Image-caption web data:
>>
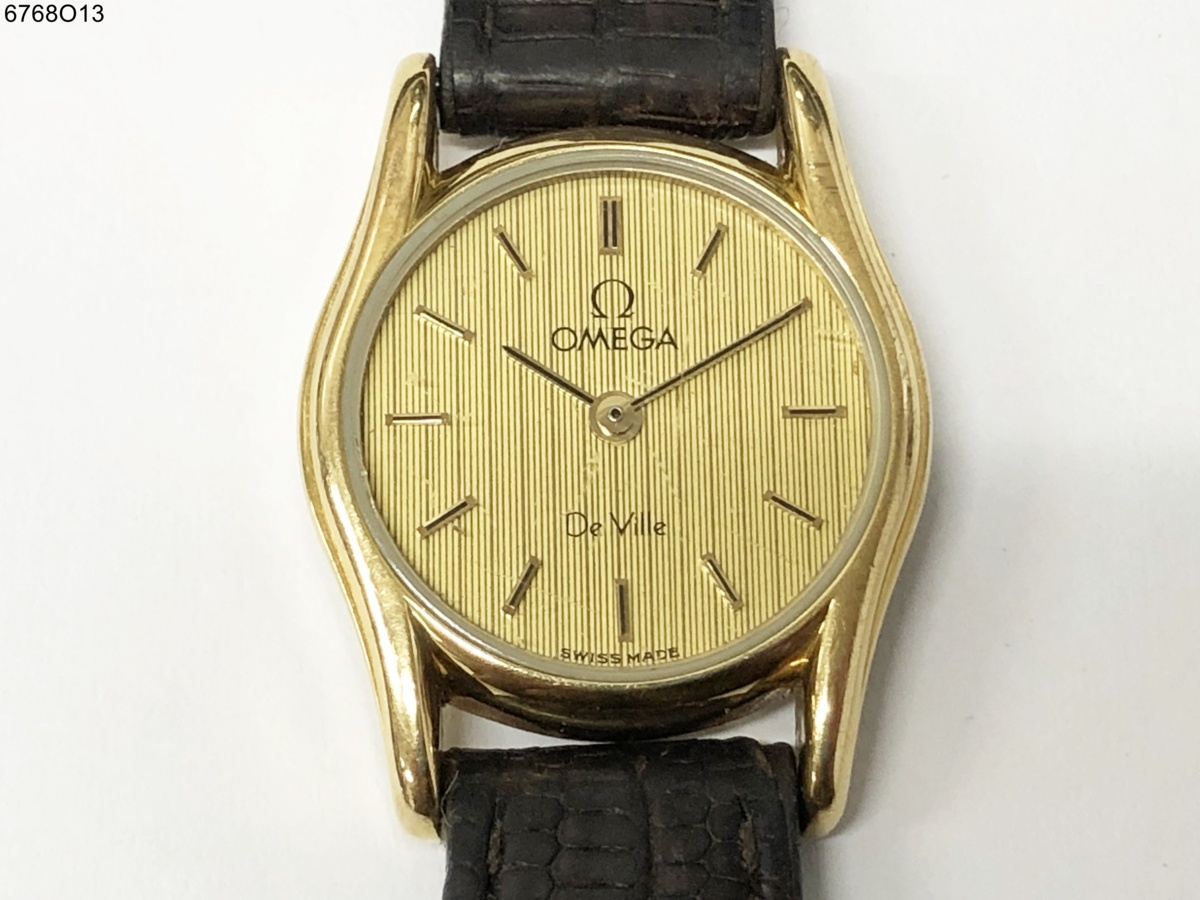 【W167-1】動作品 電池交換済 OMEGA De Ville オメガ デビル プッシュリューズ 腕時計 591.0049 レディース【送料全国一律185円】 型番：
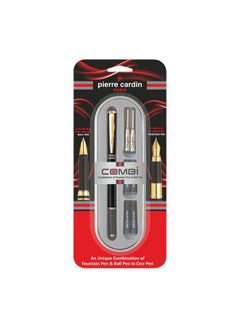 pierre cardin Premium Combi Pen | Combination Of Ball Pen & Fountain Pen | Luxurious Fine Writing Ball Pen, Flawless & Smooth Fountain Pen | 2 X Mini Jumbo Refill & 4 X Cartridges Included | Pack Of 1  - Image 1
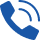 Blue circular button featuring a white phone receiver icon, indicating contact by phone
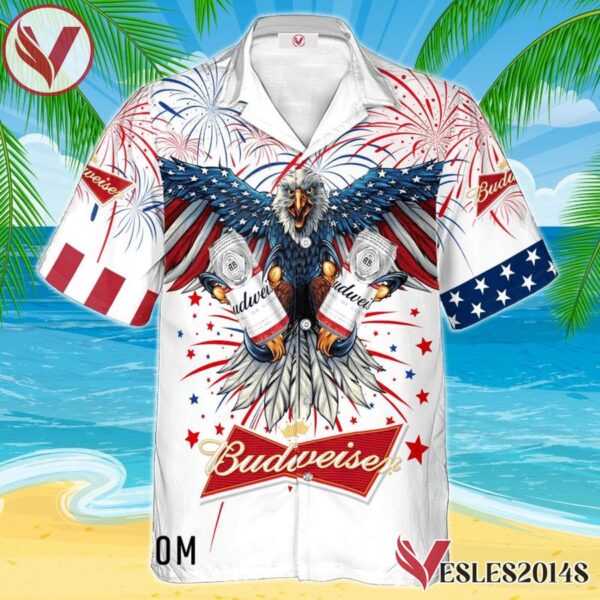 Budweiser Beer Eagle Fireworks Independence Day Hawaiian Shirt, Best Summer Gifts For Fans - Vesles2014S 1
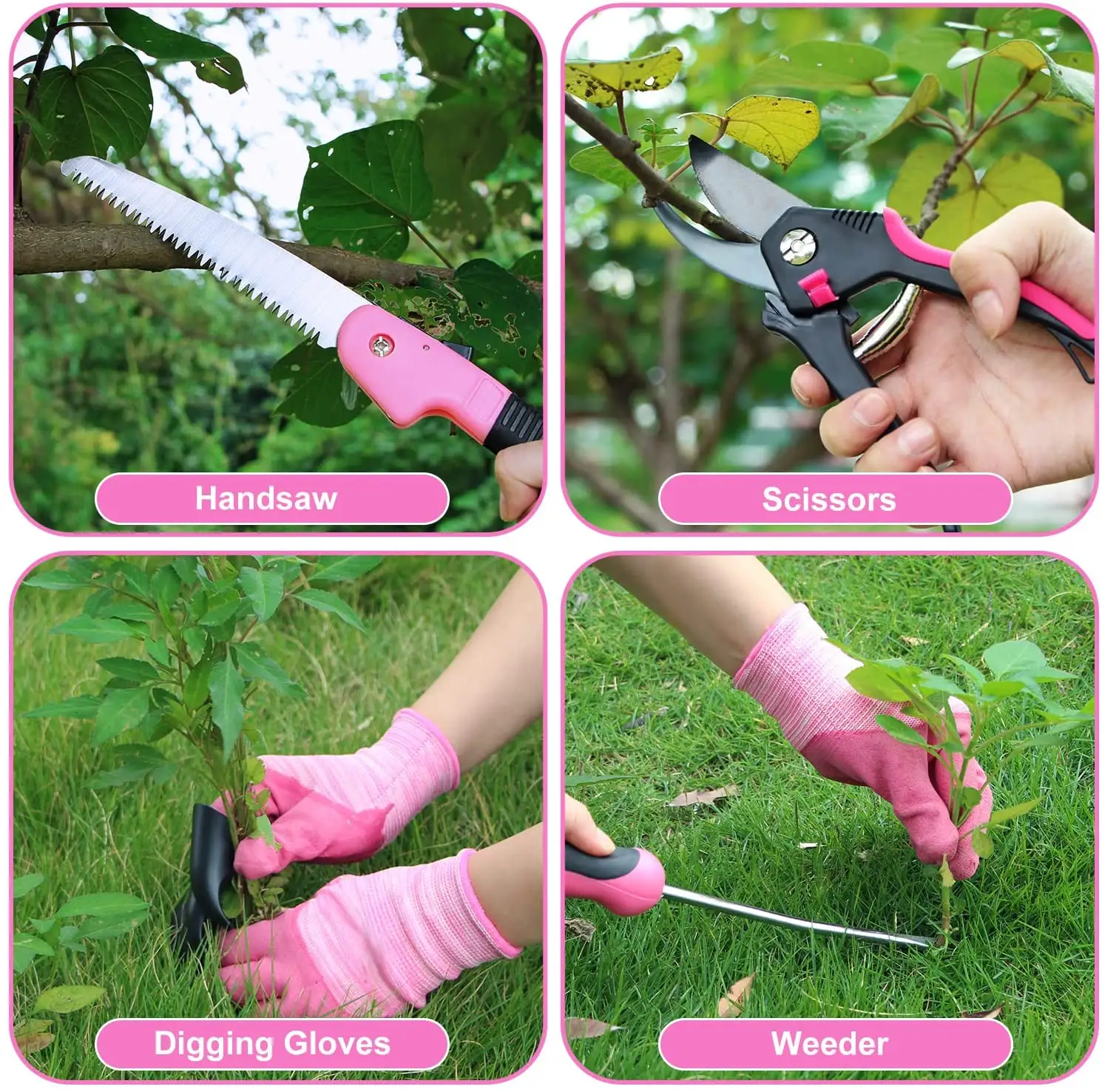 Top Sale 11pcs Stainless Steel Pink  Gardening Hand Tool Set  with Oxford Bag for Women  Pink garden tool set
<<
### ABOUT THIS TASK
Each entry should appear again exactly as written, pictures excluded.

### TASK ANSWER
 【W167-1】動作品 電池交換済 OMEGA De Ville オメガ デビル プッシュリューズ 腕時計 591.0049 レディース【送料全国一律185円】 型番：
 pierre cardin Premium Combi Pen | Combination Of Ball Pen & Fountain Pen | Luxurious Fine Writing Ball Pen, Flawless & Smooth Fountain Pen | 2 X Mini Jumbo Refill & 4 X Cartridges Included | Pack Of 1  - Image 1
 Blue circular button featuring a white phone receiver icon, indicating contact by phone
 Budweiser Beer Eagle Fireworks Independence Day Hawaiian Shirt, Best Summer Gifts For Fans - Vesles2014S 1
 Top Sale 11pcs Stainless Steel Pink  Gardening Hand Tool Set  with Oxford Bag for Women  Pink garden tool set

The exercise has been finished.